ASSIGNMENT -> Beginning with the line that holds "Detailansicht eines Weihnachts-Tischläufers" and finishing with the line that holds "Up close mountain", repeat the listing exactly, leaving every picture out.

MATERIAL TO PROCESS ->
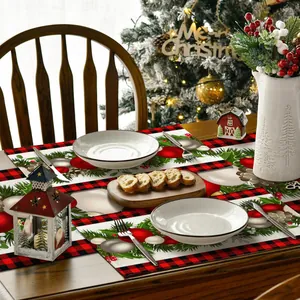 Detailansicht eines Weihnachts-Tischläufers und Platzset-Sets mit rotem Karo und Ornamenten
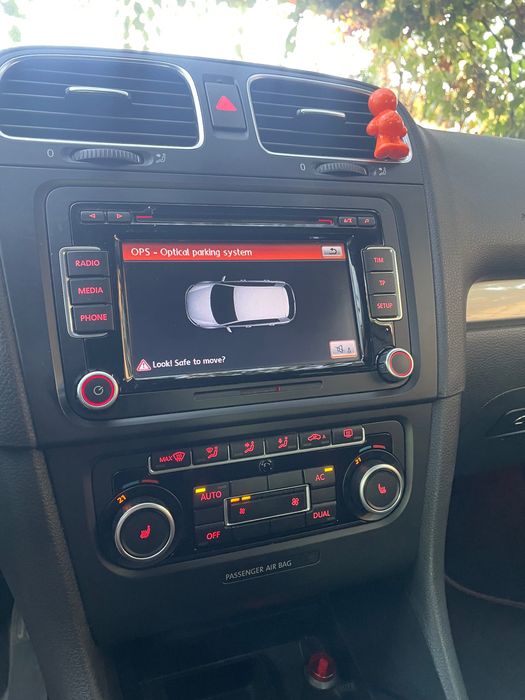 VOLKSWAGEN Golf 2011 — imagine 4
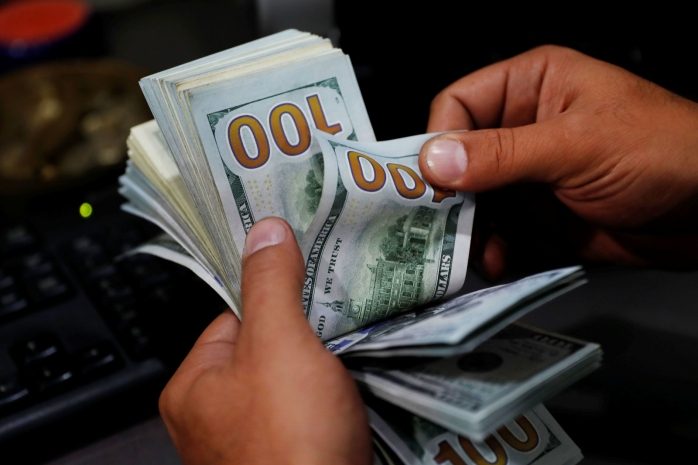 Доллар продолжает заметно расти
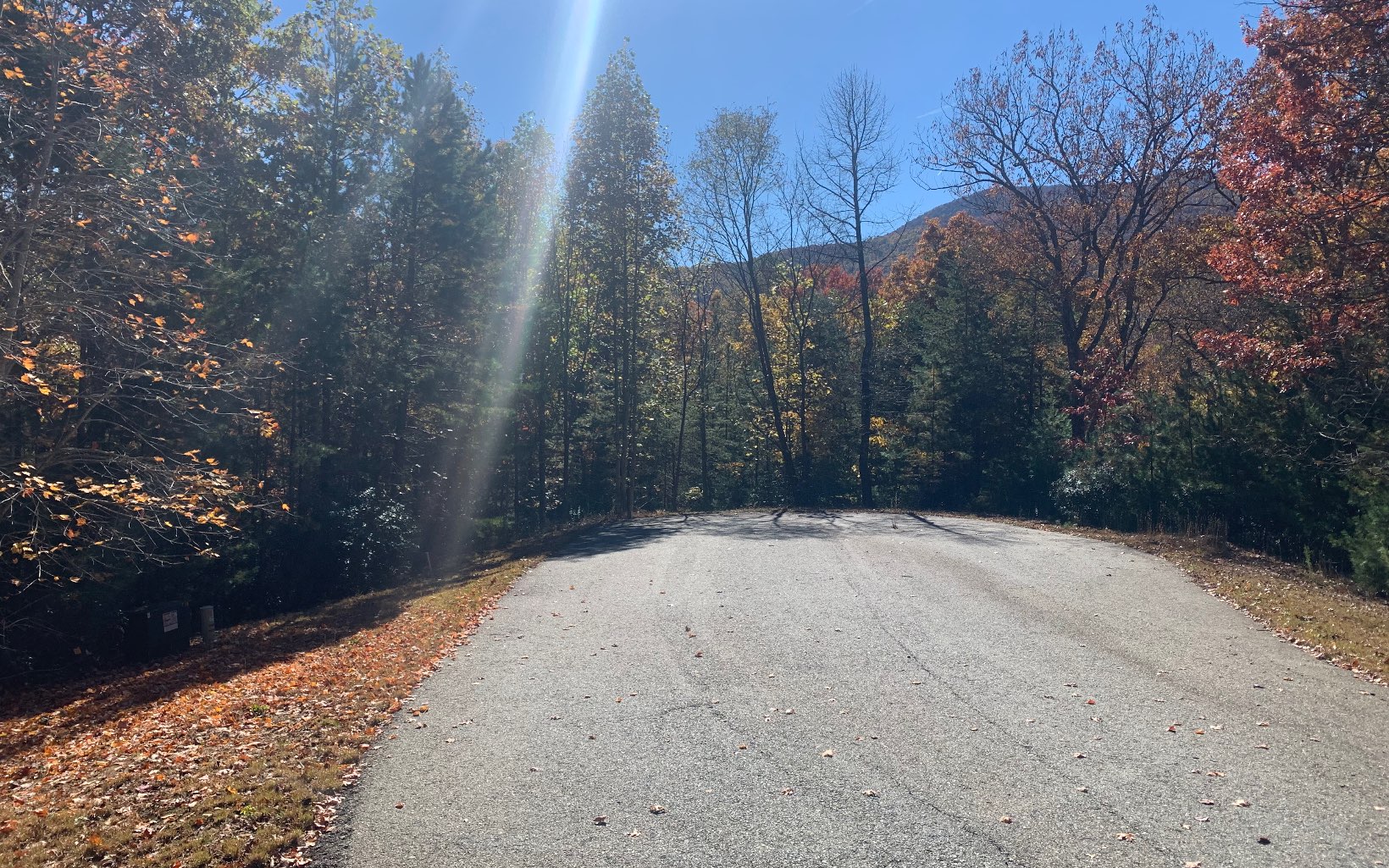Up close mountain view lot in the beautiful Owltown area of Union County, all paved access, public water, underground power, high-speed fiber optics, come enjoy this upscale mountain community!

...

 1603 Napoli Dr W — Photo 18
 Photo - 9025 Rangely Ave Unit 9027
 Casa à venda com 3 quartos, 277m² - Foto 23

---

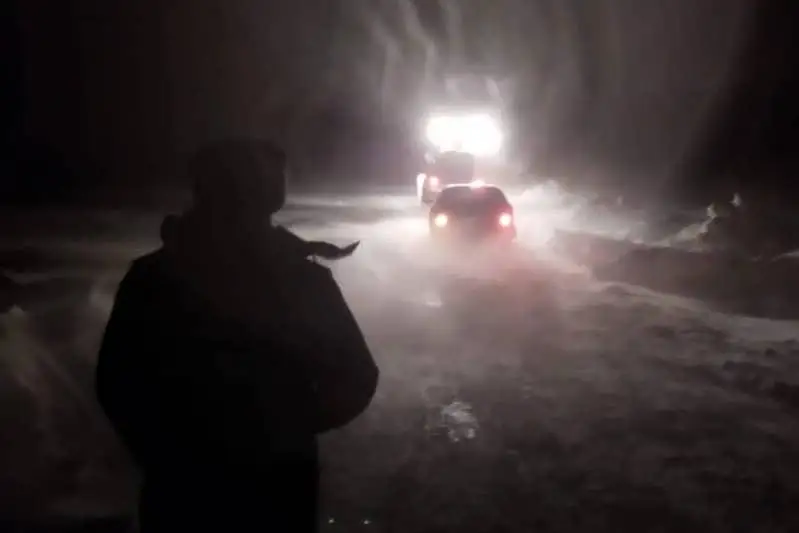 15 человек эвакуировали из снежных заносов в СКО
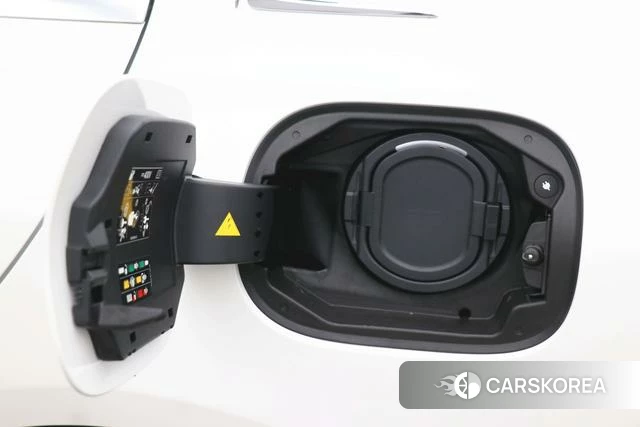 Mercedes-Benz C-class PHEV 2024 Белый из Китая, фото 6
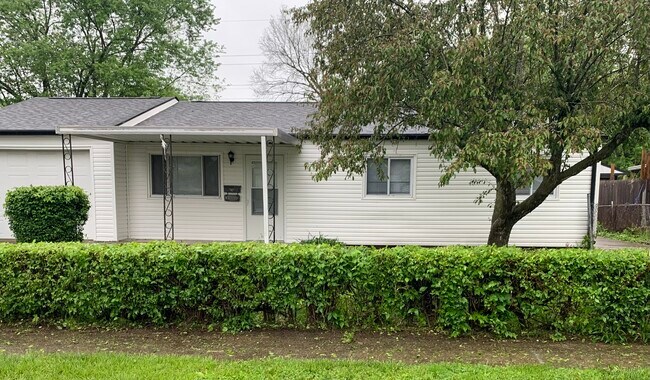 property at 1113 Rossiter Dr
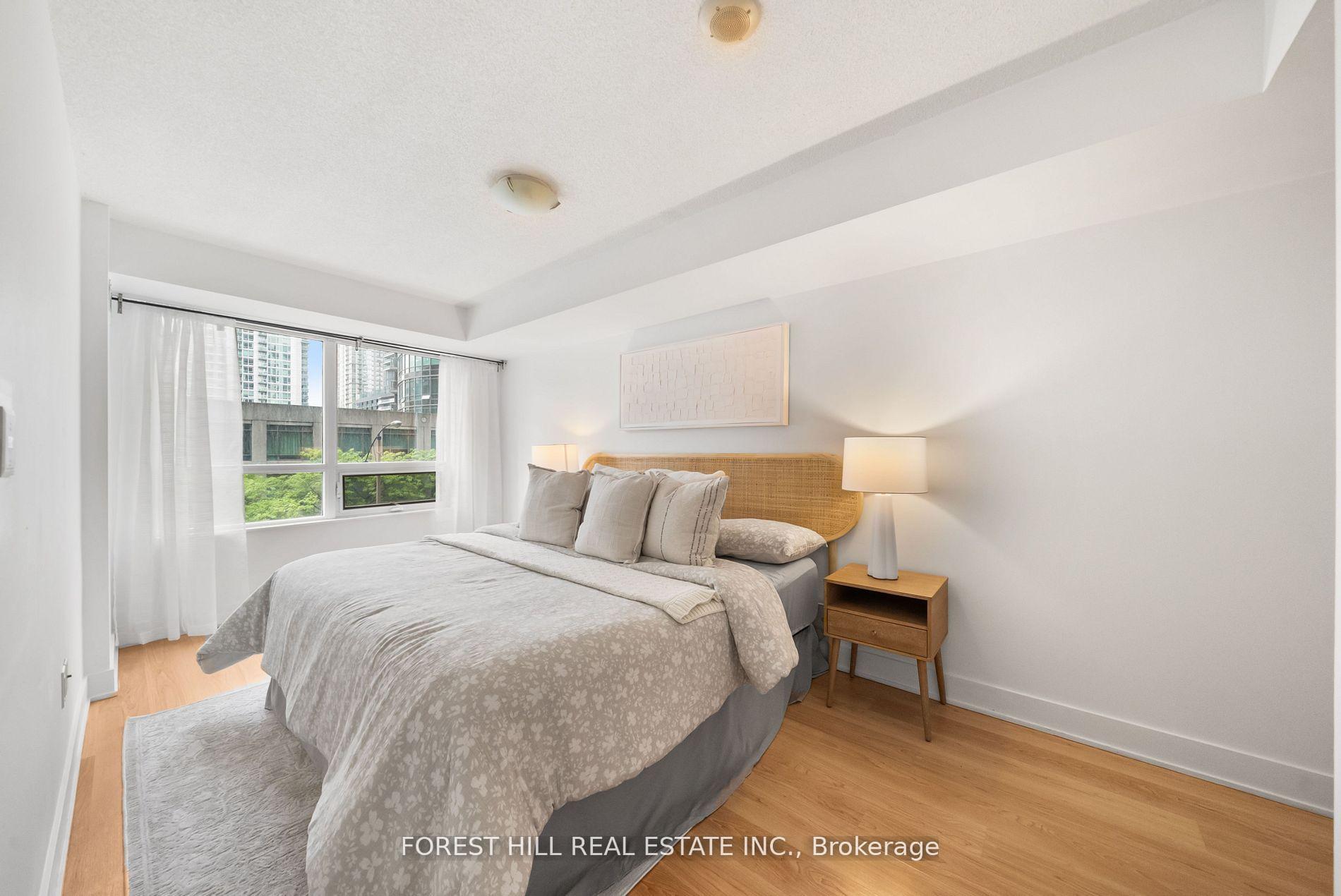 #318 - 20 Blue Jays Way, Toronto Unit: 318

OUTPUT ->
 Detailansicht eines Weihnachts-Tischläufers und Platzset-Sets mit rotem Karo und Ornamenten
 VOLKSWAGEN Golf 2011 — imagine 4
 Доллар продолжает заметно расти
Up close mountain view lot in the beautiful Owltown area of Union County, all paved access, public water, underground power, high-speed fiber optics, come enjoy this upscale mountain community!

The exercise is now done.